Portrait de Pascal Morier-Genoud.
© Olivier Vogelsang

Travailleur social, acteur de théâtre et transformiste, Pascal Morier-Genoud, qui incarne depuis vingt ans Catherine d’Oex, œuvre pour l’ouverture, le dialogue et l’égalité

Le rendez-vous est donné à Lausanne, au Café Saint Pierre. Un lieu que Pascal Morier-Genoud connaît très bien puisqu’il y organise des soirées cabaret. Tous les deux mois, cette scène du dimanche reçoit des artistes qui viennent mettre un peu de paillettes, de rêve et de magie dans les nuits lausannoises. «Il y a vingt ans, quand j’ai commencé à me transformer, nous étions trois à le faire à Lausanne. La seule référence de l’époque, c’était Michou et La Cage aux folles. Cela s’est beaucoup démocratisé depuis.»

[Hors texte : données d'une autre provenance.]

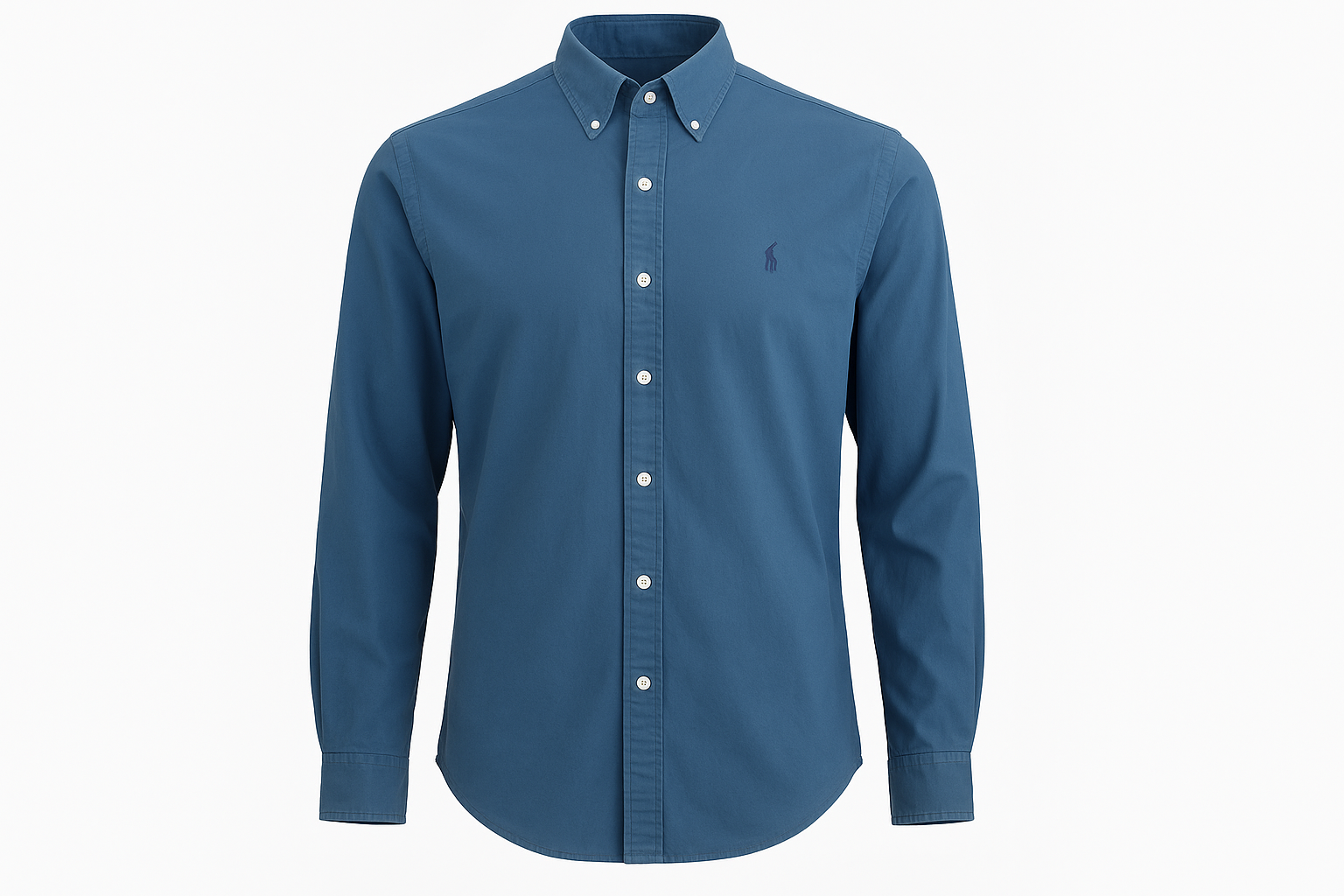 Ghost mannequin style blue shirt with button-down collar and polo logo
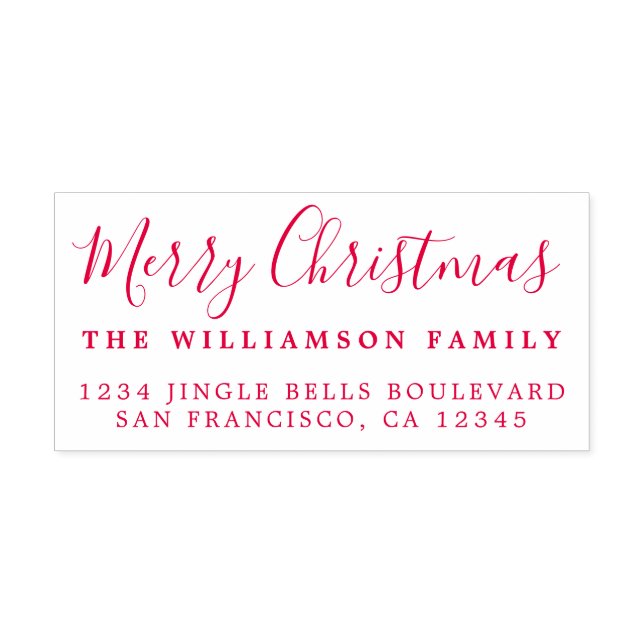 Merry Christmas Red Return Address Self-inking Stamp (Design)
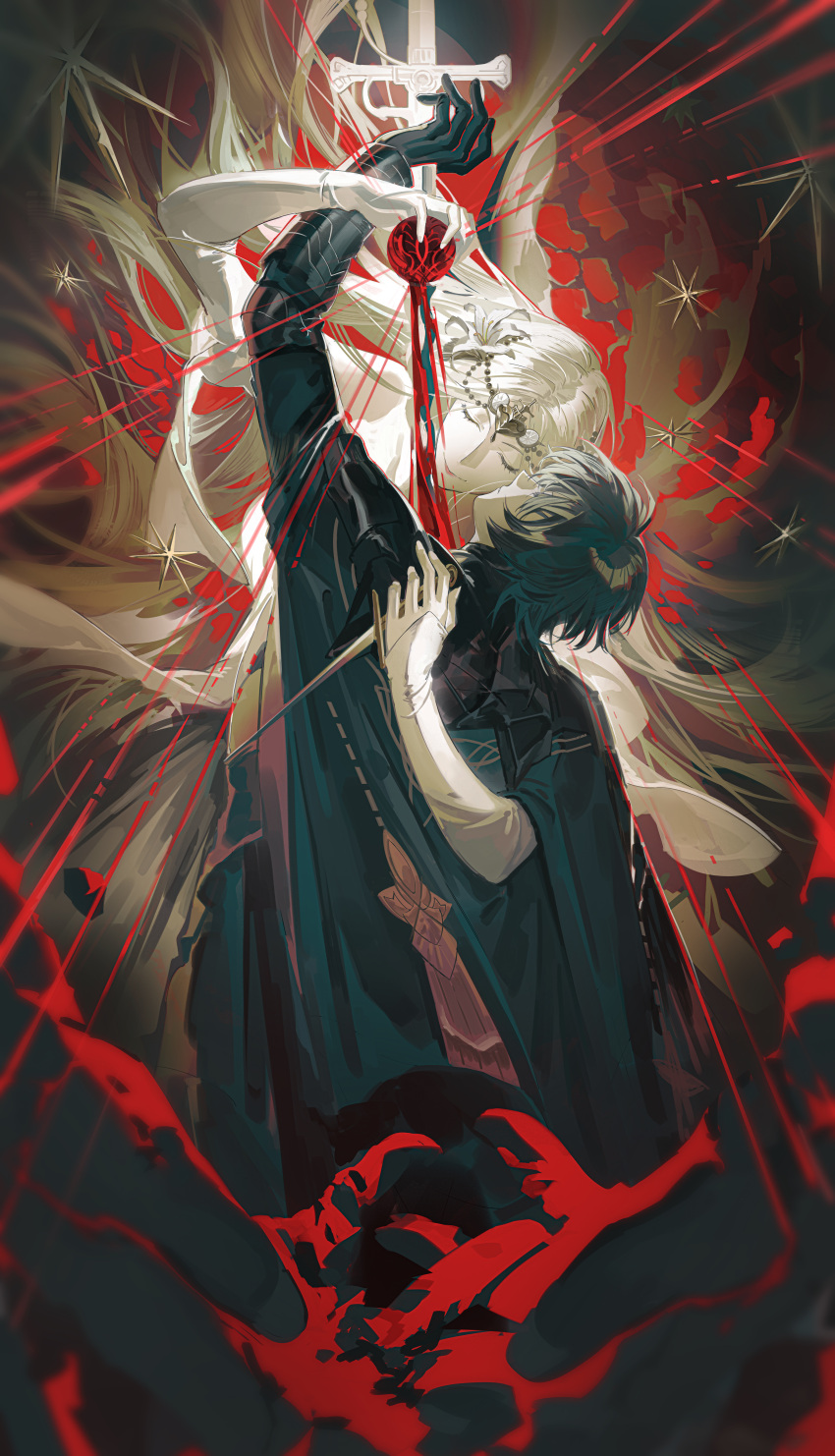 1boy, 1girl, absurdres, armor, back, bleeding, blood, blue_hair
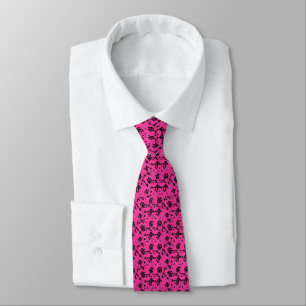 Corbata PInk y Black Floral Necktie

Ce n’est qu’une facette de la vie de Pascal Morier-Genoud. Originaire de Château-d’Œx, il grandit à Lausanne, dans un HLM du quartier de Bellevaux, dans une famille aimante. «Mon père était menuisier-ébéniste de métier, mais aussi chanteur et acteur. C’était un homme rempli de bonté et de sagesse, élevé essentiellement par des femmes. Quant à ma mère, elle m’a transmis son goût pour la liberté et son esprit critique. J’ai eu une enfance très heureuse, bien que modeste, mais nos parents ne nous ont jamais fait ressentir que l’argent était un problème ou même un sujet. Nous étions reconnus et écoutés.»

Affirmation

A 13 ans, celui qui en a aujourd’hui 60 décroche son premier rôle de théâtre dans un conte de Noël dans lequel il joue le Père Martin, un vieux cordonnier. «J’ai tout de suite été fasciné par le jeu sur scène.» Il rejoint ensuite des troupes de théâtre amateur, et joue le monumental Le Père Noël est une ordure ou encore Les Combustibles d’Amélie Nothomb.

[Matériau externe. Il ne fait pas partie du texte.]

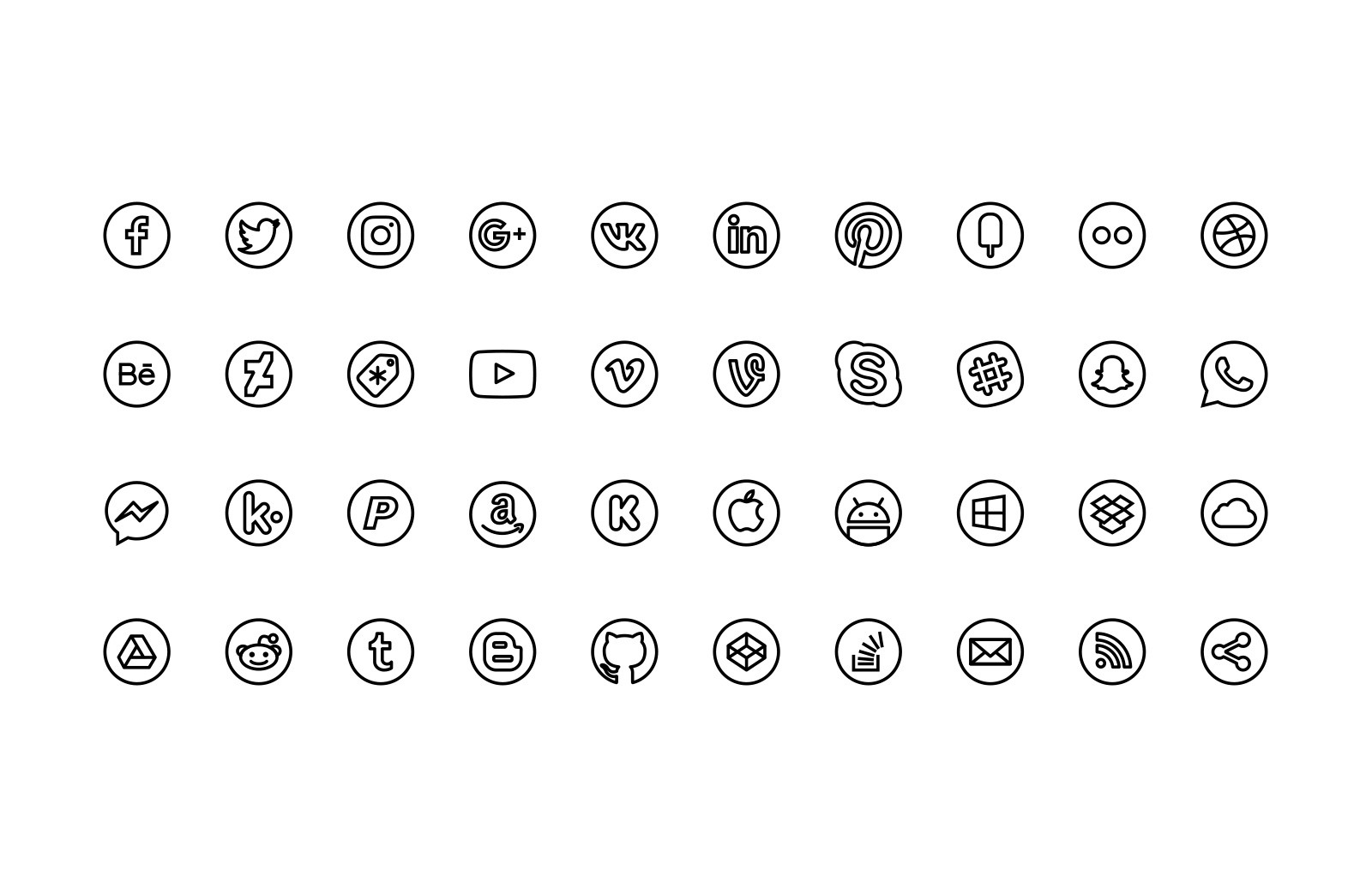 国外主流社交媒体线框图标 Free Line Icons – Social插图(1)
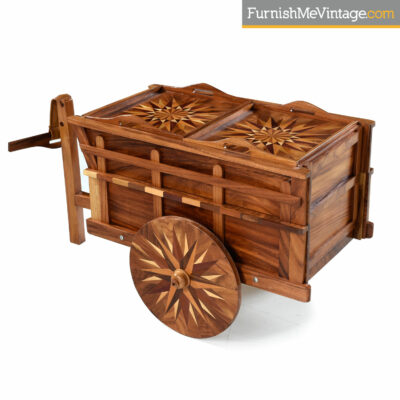 marquetry bar serving cart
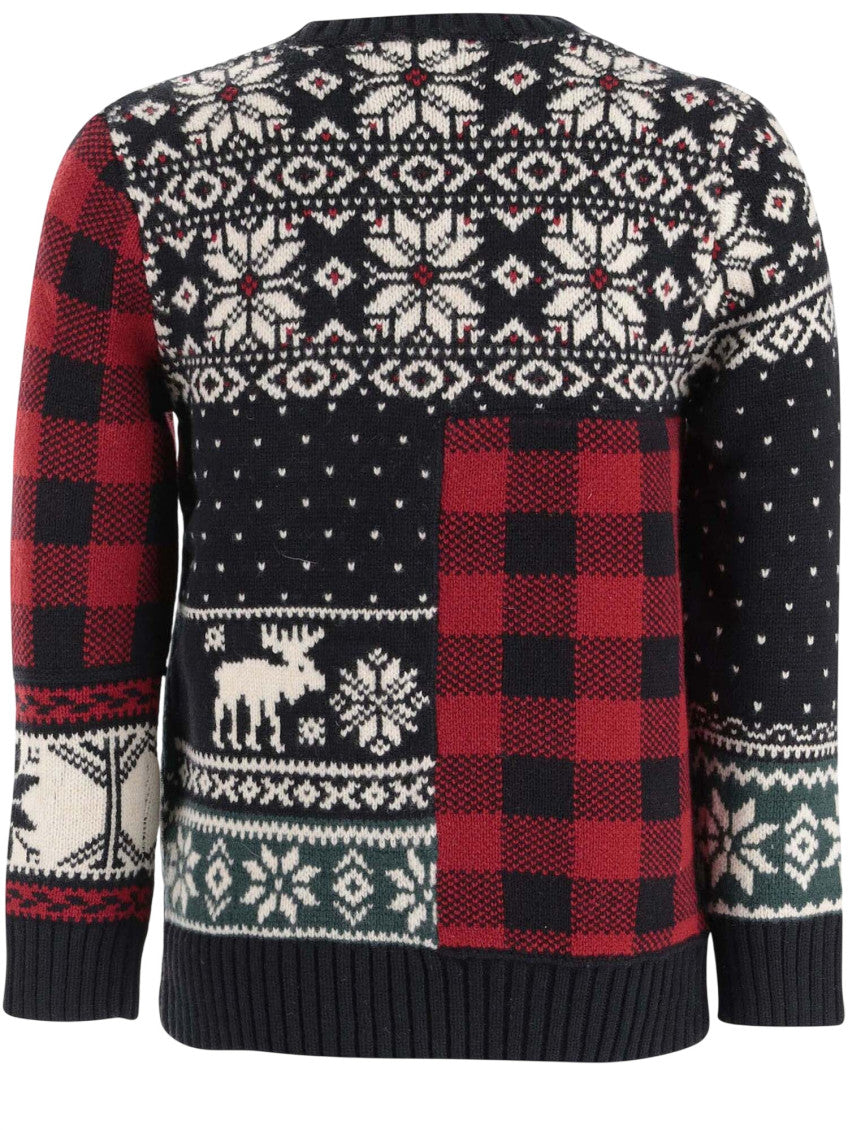 Boys Multi Color Knitted Sweater 2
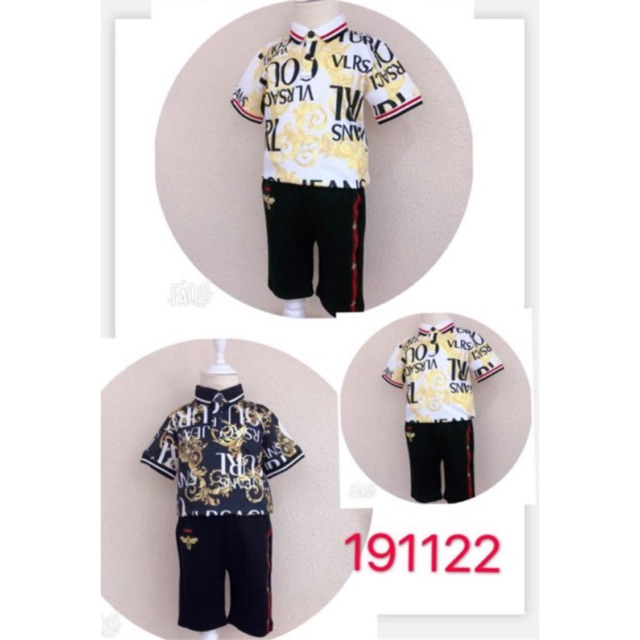 Atasan kaos  kerah motif versace  baju anak
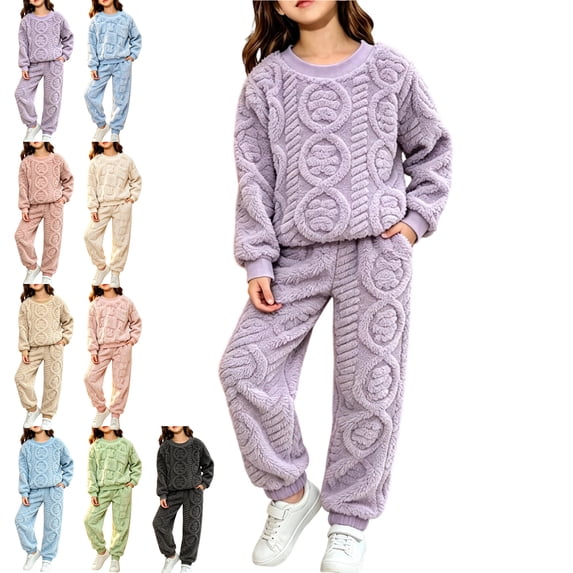 Girls' Clothing Sets 2 Piece Fuzzy Winter Warm Fleece Loose Flannel Cute Pullover Sweatshirt and Jogger Pant Pajamas Sweatsuit 5-14 Years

Professionnellement, Pascal Morier-Genoud se lance dans un apprentissage d’employé de commerce, lors duquel il s’ennuie profondément. «Je me suis juré de ne plus revivre ça.» Il devient alors travailleur social, notamment à Neuchâtel, et se spécialise dans la prévention contre le VIH et l’information dans le domaine des diversités sexuelles. «J’intervenais dans les prisons, les écoles, les EMS, les centres de requérants d’asile et tout autre lieu de rencontre.»

Alors jeune homme, il comprend qu’il est attiré par les hommes, et ça va le chambouler. «Cela a été très compliqué à vivre de moi à moi, j’ai mis 17 ans pour faire mon “coming-in”. J’ai ensuite fait mon coming-out, mais si c’était à refaire, je ne le ferais pas. On ne devrait pas avoir à s’affirmer en tant que minorité, je suis contre l’injonction du coming-out

Révélation

En 1999, le Caméléon, théâtre d’intervention sociale, lui propose de rejoindre la troupe. Pour ce faire, il va se former au Théâtre de l’Opprimé à Paris. «La rencontre avec le dramaturge Augusto Boal a été magistrale et centrale dans ma vie. Il explique que face aux oppressions, il faut remettre du dialogue. Il redonne aussi leur responsabilité aux “spectacteurs”.»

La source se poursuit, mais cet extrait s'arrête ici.